ABSTRACT: There is growing interest from fisheries agencies and managers to incorporate climate indices into stock assessment. Environmental covariates are typically included as independent variable(s) and used to predict variation over time in some stock-assessment parameter as a dependent variable (a “regression paradigm”). However, this practice has several drawbacks: (1) it ignores collinearity among potential covariates resulting from mechanisms linking different ecological processes; (2) it forces analysts to select between long-time series for physical drivers, and intermittent time-series for biological drivers (e.g., forage indices); and (3) it does not easily incorporate stakeholder or scientific knowledge about relationships among covariates.
In the first hour of this Think Tank, we will introduce dynamic structural equation models (DSEM) as alternative to this “regression paradigm” for including environmental indices as covariates. DSEM generalizes a wide range of linear and causal models, including dynamic factor analysis (DFA), vector autoregressive, integrated, moving average (VARIMA) models, and causal models. In particular, we emphasize that DSEM (1) allows analysts to incorporate scientific and stakeholder knowledge to model collinearity among covariates, (2) jointly imputes missing values based on covariate relationships, (3) can incorporate Bayesian priors to generalized qualitative network models, while also (4) allowing analysts to specify how ocean physics can affect stock productivity via intermediate mechanisms such as forage time-series. We will provide a short summary of the statistical background, and a hands-on code tutorial for R-package dsem.

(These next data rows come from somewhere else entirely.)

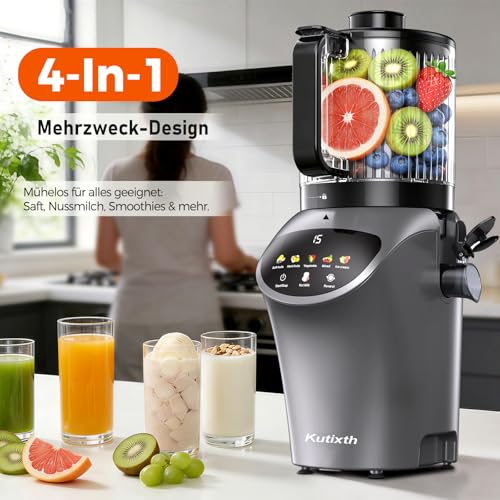 Kutixth Juicer 450 W Slow Juicer with 156 mm Feeding Slide | 3L capacity, cold press, high juice yield, BPA-free, for whole vegetables and fruit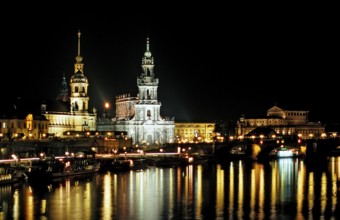 Old Town of Dresden by night, Germany, Dresden, Saxony, Europe
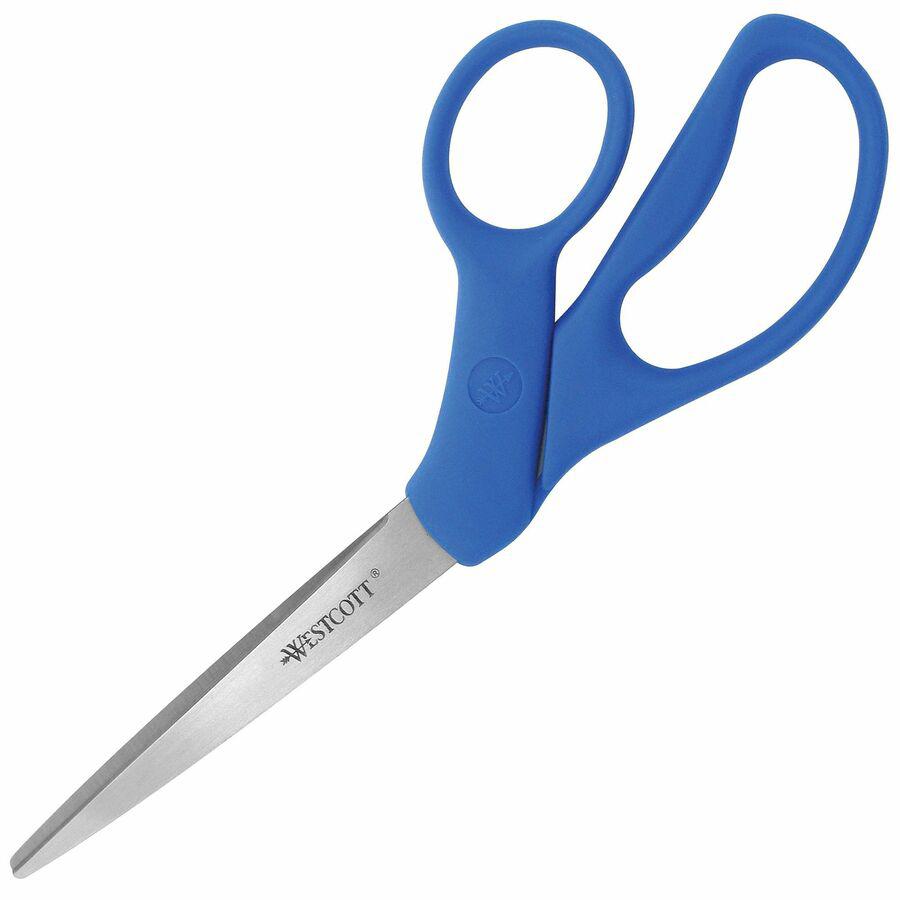Westcott 8" Bent All Purpose Scissors - 3.50" Cutting Length - 8" Overall Length - Bent-left/right - Stainless Steel - Pointed Tip - Stainless Steel - 1 Each. Picture 3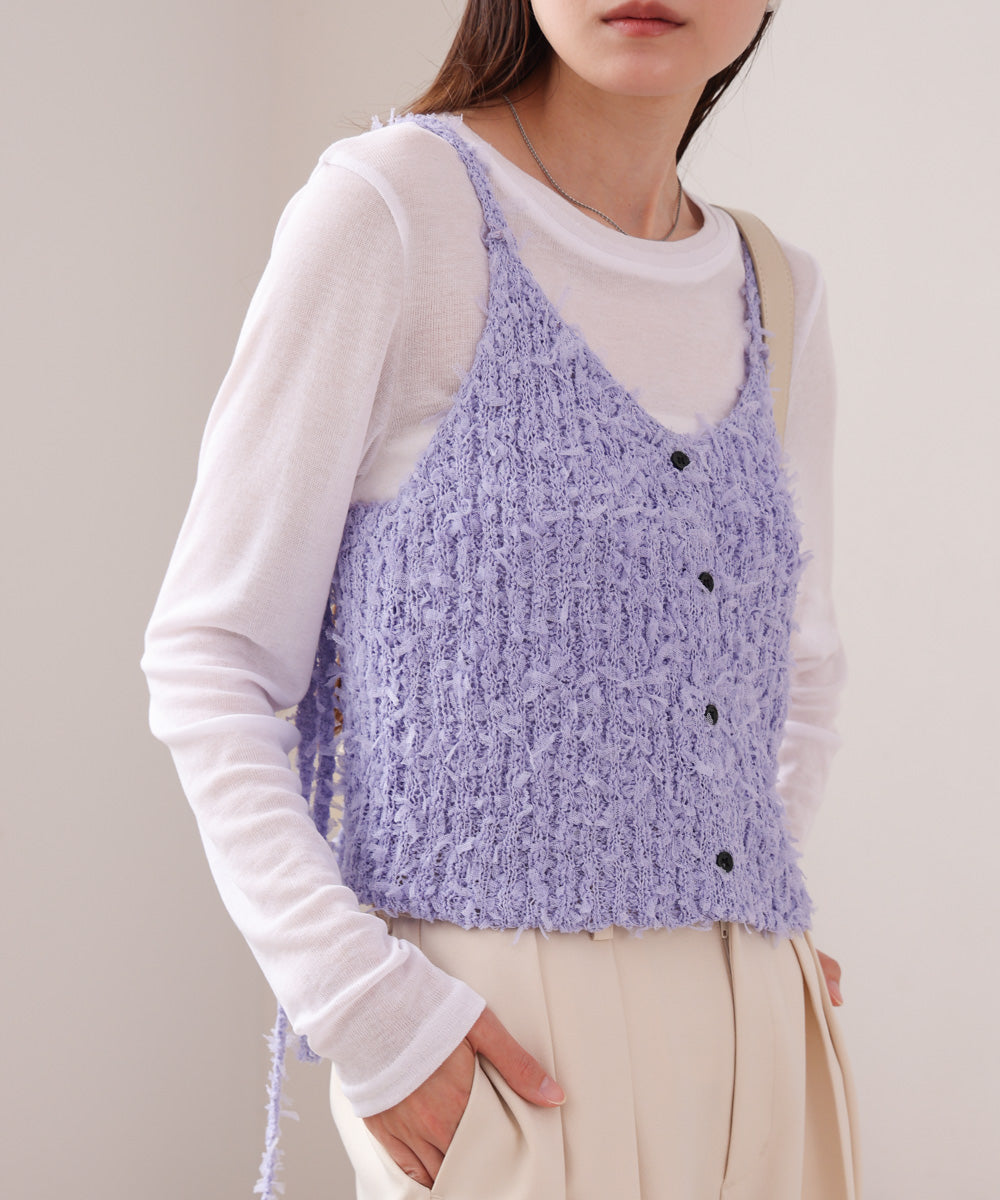 【LOOK掲載/2025SS】チュールリボンヤーンキャミソール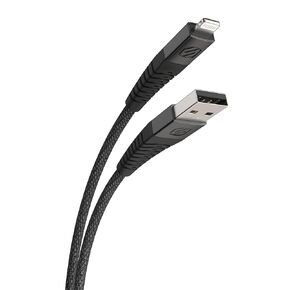 Scosche Strikeline 4ft USB A to Lightning Cable, MFi Certified Heavy Duty Braided iPhone Charger Cord with Reinforced Connector Housing, Fast Charging Compatible with iPhone, iPad & More, Space Gray in Kuwait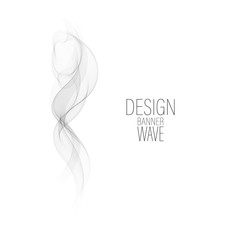 Abstract smooth gray wave vector. Curve flow grey motion illustration. Gray smoke wave. Abstract gray wave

Next, we will show how DSEM can be incorporated directly into state-space, age-structured stock assessment models to account for climate or ecosystem-driven variation in population processes. We present preliminary results for a case study on Gulf of Alaska pollock, where we are using process research and expert knowledge to develop candidate causal maps to describe the physical environment, foraging conditions, and ecosystem drivers governing annual recruitment success for this commercially important stock. We discuss the lessons we’ve learned so far while developing and refining alternative causal maps, and our most recent results from performance tests when compared to the operational stock assessment model.